● **EXERCISE GOAL**
Only a slice of the listing below is wanted. Retype the lines from the one containing "Joe Kious Custom" through the one containing "Lenjerie pat 1", exactly, both ends included.

● **SUPPLIED ENTRIES**

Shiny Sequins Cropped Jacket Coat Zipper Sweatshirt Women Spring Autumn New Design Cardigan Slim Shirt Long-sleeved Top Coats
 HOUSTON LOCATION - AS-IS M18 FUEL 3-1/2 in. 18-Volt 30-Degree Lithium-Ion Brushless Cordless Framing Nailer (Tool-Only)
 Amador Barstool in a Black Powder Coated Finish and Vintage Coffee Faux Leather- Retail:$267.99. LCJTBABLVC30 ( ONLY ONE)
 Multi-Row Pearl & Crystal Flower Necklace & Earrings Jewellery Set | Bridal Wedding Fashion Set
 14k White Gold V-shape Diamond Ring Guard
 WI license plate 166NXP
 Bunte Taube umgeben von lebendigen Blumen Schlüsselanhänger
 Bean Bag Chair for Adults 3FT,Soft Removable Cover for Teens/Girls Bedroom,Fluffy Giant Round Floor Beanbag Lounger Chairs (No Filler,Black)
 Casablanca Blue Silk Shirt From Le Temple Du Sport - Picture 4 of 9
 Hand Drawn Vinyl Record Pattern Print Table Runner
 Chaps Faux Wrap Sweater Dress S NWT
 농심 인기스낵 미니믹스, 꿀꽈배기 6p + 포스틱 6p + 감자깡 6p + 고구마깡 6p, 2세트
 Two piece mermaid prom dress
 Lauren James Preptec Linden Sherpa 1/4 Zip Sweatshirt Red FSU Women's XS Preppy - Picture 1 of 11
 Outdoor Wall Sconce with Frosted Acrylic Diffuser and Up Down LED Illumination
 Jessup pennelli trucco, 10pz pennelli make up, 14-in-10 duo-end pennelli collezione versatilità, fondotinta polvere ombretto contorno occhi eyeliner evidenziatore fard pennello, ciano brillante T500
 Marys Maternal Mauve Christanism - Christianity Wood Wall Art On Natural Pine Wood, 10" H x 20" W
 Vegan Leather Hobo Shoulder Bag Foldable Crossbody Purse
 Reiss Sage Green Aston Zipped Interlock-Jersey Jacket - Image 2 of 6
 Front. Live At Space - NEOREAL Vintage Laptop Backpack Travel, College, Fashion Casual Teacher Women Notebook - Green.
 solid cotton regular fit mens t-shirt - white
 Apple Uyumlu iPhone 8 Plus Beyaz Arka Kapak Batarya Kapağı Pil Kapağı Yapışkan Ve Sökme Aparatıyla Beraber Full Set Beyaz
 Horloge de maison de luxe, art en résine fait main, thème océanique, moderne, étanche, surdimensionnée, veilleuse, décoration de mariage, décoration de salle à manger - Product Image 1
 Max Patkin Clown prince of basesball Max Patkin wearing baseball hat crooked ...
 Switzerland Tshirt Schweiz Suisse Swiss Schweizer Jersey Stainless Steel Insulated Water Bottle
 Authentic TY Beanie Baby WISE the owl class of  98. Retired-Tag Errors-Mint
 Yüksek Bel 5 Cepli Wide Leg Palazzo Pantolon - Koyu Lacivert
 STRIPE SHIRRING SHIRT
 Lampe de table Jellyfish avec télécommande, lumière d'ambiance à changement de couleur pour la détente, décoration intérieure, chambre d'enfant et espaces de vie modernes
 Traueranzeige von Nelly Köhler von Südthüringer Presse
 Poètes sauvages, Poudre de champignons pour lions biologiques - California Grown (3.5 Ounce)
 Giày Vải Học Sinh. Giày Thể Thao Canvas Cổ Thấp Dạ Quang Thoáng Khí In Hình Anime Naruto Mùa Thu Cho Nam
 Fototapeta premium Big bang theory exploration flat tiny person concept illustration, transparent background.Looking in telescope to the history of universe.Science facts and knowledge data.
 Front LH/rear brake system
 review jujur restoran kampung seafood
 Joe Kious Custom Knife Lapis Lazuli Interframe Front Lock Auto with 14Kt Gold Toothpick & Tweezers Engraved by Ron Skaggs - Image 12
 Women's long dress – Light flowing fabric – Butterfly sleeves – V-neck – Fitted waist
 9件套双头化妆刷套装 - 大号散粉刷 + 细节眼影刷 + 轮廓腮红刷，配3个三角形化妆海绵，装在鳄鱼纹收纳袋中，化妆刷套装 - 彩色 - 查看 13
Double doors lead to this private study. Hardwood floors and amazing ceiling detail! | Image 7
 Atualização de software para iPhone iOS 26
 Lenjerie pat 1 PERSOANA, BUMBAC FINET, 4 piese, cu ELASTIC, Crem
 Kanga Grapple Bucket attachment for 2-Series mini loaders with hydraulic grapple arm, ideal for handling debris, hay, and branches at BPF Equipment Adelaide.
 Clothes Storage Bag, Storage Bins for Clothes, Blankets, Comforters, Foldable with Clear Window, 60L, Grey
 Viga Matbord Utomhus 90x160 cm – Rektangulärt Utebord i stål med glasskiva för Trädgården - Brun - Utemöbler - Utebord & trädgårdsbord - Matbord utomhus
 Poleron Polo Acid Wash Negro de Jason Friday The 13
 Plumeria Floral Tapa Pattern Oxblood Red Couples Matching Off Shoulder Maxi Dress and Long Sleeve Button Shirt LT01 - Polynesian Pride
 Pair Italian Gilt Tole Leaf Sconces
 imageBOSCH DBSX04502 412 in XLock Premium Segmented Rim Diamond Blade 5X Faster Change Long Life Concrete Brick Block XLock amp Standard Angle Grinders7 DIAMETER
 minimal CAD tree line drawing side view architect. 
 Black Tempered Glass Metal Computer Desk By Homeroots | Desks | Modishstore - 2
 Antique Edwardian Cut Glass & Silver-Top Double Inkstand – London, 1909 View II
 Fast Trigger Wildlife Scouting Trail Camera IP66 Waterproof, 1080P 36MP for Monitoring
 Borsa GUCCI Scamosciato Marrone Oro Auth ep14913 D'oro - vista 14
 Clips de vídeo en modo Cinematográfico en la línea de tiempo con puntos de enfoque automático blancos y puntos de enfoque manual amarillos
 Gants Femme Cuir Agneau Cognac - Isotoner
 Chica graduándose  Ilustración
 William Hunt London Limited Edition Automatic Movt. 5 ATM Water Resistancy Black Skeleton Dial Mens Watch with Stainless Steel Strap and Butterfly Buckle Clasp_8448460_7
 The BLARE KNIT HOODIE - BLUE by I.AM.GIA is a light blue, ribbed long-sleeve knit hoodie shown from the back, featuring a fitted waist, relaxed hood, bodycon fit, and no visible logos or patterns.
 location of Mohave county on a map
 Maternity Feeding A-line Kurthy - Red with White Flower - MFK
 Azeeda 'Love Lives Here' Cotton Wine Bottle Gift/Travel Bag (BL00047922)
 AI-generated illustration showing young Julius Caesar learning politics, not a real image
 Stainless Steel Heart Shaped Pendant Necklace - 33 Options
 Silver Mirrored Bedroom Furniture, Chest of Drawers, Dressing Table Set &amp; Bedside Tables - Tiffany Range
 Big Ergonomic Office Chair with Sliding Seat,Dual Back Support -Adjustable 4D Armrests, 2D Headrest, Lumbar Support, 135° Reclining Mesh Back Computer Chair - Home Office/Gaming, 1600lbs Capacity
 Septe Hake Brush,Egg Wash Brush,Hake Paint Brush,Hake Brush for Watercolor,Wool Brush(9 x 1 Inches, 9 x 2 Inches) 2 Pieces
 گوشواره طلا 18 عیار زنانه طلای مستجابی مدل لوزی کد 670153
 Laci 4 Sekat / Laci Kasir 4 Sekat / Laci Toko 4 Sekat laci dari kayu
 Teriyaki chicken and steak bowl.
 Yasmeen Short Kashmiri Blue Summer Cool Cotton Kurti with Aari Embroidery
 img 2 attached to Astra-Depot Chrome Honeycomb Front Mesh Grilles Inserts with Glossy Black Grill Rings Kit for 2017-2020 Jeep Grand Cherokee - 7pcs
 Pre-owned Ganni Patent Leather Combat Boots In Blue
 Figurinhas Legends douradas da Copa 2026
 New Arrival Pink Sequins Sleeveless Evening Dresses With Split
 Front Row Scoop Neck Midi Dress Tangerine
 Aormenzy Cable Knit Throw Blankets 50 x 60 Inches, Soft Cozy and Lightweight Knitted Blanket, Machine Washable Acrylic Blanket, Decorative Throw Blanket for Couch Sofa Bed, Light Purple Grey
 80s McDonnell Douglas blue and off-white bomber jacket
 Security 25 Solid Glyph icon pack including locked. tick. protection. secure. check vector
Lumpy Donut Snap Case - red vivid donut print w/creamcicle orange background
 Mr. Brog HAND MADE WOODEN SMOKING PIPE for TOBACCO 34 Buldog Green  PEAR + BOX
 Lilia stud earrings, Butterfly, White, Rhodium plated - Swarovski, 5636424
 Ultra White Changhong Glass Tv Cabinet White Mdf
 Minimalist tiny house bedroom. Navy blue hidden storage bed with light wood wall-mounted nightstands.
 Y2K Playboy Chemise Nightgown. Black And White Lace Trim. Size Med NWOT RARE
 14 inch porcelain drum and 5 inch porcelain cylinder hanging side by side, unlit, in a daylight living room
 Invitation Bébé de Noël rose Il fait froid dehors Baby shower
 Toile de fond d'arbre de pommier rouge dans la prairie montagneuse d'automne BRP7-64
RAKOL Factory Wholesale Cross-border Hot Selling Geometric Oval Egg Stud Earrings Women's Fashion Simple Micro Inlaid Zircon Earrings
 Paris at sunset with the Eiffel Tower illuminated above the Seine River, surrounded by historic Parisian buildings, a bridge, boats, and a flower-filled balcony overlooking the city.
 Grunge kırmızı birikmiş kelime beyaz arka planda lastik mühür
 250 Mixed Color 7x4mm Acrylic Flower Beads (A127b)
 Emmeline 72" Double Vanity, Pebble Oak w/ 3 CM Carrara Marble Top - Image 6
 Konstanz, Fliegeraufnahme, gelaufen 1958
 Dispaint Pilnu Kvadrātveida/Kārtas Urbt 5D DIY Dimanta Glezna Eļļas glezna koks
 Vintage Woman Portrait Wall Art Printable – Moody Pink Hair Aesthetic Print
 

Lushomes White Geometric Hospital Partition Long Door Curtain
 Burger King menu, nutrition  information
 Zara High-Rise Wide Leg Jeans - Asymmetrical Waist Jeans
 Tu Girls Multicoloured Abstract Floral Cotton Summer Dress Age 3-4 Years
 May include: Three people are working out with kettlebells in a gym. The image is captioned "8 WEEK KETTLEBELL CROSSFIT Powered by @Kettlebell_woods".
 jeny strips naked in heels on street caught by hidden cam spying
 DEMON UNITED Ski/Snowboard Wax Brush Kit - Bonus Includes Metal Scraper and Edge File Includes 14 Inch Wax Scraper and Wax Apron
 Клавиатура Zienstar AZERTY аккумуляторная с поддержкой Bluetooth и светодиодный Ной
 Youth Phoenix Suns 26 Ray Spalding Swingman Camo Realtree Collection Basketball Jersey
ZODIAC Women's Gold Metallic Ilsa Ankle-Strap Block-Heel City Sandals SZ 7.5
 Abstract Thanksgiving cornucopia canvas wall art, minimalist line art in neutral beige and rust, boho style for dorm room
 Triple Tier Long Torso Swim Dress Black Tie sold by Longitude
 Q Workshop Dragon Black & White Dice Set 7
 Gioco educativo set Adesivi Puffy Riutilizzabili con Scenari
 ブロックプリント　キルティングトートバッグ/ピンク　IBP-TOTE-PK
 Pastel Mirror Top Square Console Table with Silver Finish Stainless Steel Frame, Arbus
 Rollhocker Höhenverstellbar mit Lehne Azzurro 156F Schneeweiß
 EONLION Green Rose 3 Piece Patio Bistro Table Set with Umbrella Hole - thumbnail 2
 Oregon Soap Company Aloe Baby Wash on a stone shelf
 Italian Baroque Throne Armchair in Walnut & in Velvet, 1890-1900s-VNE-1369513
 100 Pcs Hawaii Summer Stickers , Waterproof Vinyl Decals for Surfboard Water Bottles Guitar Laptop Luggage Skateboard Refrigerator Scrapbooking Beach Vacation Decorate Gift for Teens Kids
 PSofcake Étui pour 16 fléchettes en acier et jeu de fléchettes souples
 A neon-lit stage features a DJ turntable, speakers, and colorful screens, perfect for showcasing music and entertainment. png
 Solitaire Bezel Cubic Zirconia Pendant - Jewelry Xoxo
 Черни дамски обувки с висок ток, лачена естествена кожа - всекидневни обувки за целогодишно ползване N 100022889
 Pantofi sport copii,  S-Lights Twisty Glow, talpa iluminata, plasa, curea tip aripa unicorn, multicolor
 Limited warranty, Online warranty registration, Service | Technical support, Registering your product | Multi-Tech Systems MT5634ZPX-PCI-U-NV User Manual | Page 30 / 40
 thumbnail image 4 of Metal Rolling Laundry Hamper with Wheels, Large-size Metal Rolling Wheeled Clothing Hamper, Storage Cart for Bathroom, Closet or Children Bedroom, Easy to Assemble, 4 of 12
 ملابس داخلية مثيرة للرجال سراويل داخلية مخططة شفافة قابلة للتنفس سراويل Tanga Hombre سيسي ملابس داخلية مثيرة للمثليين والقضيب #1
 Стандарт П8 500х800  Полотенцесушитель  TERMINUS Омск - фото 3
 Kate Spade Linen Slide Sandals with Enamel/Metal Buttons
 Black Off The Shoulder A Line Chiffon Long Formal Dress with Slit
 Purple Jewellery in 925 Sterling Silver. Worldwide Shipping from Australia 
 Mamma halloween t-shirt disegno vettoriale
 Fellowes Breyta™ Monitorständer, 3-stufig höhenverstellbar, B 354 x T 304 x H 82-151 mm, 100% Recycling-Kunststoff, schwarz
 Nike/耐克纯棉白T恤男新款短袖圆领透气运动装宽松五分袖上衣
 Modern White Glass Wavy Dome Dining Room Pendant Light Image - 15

● **TASK RESULT**
 Joe Kious Custom Knife Lapis Lazuli Interframe Front Lock Auto with 14Kt Gold Toothpick & Tweezers Engraved by Ron Skaggs - Image 12
 Women's long dress – Light flowing fabric – Butterfly sleeves – V-neck – Fitted waist
 9件套双头化妆刷套装 - 大号散粉刷 + 细节眼影刷 + 轮廓腮红刷，配3个三角形化妆海绵，装在鳄鱼纹收纳袋中，化妆刷套装 - 彩色 - 查看 13
Double doors lead to this private study. Hardwood floors and amazing ceiling detail! | Image 7
 Atualização de software para iPhone iOS 26
 Lenjerie pat 1 PERSOANA, BUMBAC FINET, 4 piese, cu ELASTIC, Crem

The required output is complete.